Now you begin to understand your true purpose, Nightmare Sovereign.
I stare at the open pages, at the spell of pure creation written in flowing script that seems to move on its own. A sub-realm. A place where she could be sovereign, not just in name but in reality. Where the binding that keeps her alive wouldn’t also keep her trapped.
“A god,” I say flatly. “That is my purpose?”
Isn’t that what you wanted from the start? Why you used the Midnight Scar Soul Ritual on her? To become a god?
“Yes,” I say quietly.
You are now worthy of her.
Worthy of her. If only that were true. But this grimoire is the god of Absolute Truth. Would it lie to me? Is it even capable of lying?
I look up from the grimoire to find Lysithea standing at the edge of the courtyard, her silhouette framed by the twisted branches of a nightmare oak. She’s watching me with an expression I can’t read.
“How did you get it?” she asks.
I stand up again. “It came to me.”
“Just like that?”
“Sort of. I’m sorry, Thea. For everything we have done to you, for my part in all of this. It is my deepest regret, and if you walk away from me, I understand. I won’t stop you.”

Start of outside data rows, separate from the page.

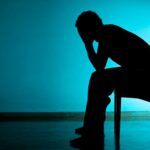 Imagem toda escura, tipo sombra, de uma pessoa sentada em uma cadeira com as duas mãos na cabeça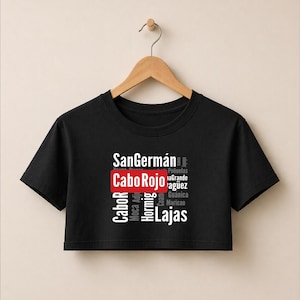 Könnte beinhalten: Schwarzes Crop-Top mit dem Text "SanGermán Cabo Rojo Lajas" in Weiß und Rot. Zusätzlicher Text in Weiß enthält "Cabor, Moca, Adj, Hormig, Coam, Guánica, Maricao, Peñuelas, aGrande, Yagüez". Das Shirt hängt an einem Holzkleiderbügel.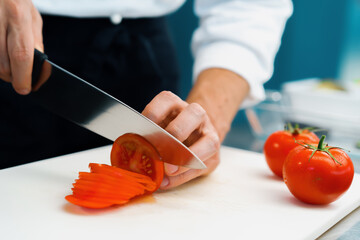 Close-up of a chef slicing tomato in a professional restaurant kitchen
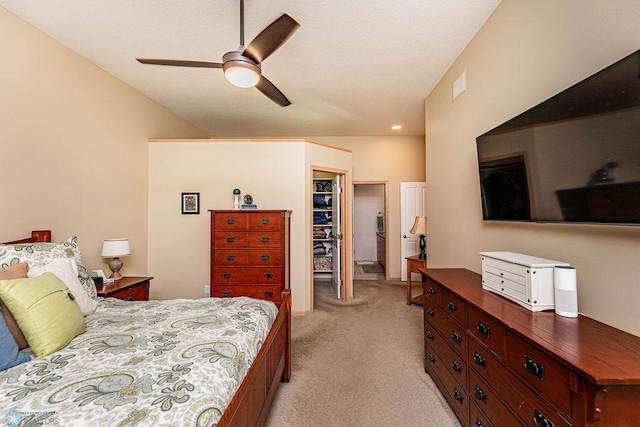 bedroom with a spacious closet, visible vents, light carpet, a closet, and a ceiling fan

She looks taken aback. “You won’t?”
I shake my head.
She moves closer. “Why not?”
“Because I’m done trying to dictate your life for you. You make your own choices, even if they hurt me, it’s not about me. It’s about you and what you need to do for you. If that doesn’t include me, I’ll accept that.”
Those words are the hardest words I’ve ever spoken, but it’s the truth. I know it, the book knows it, and she knows it.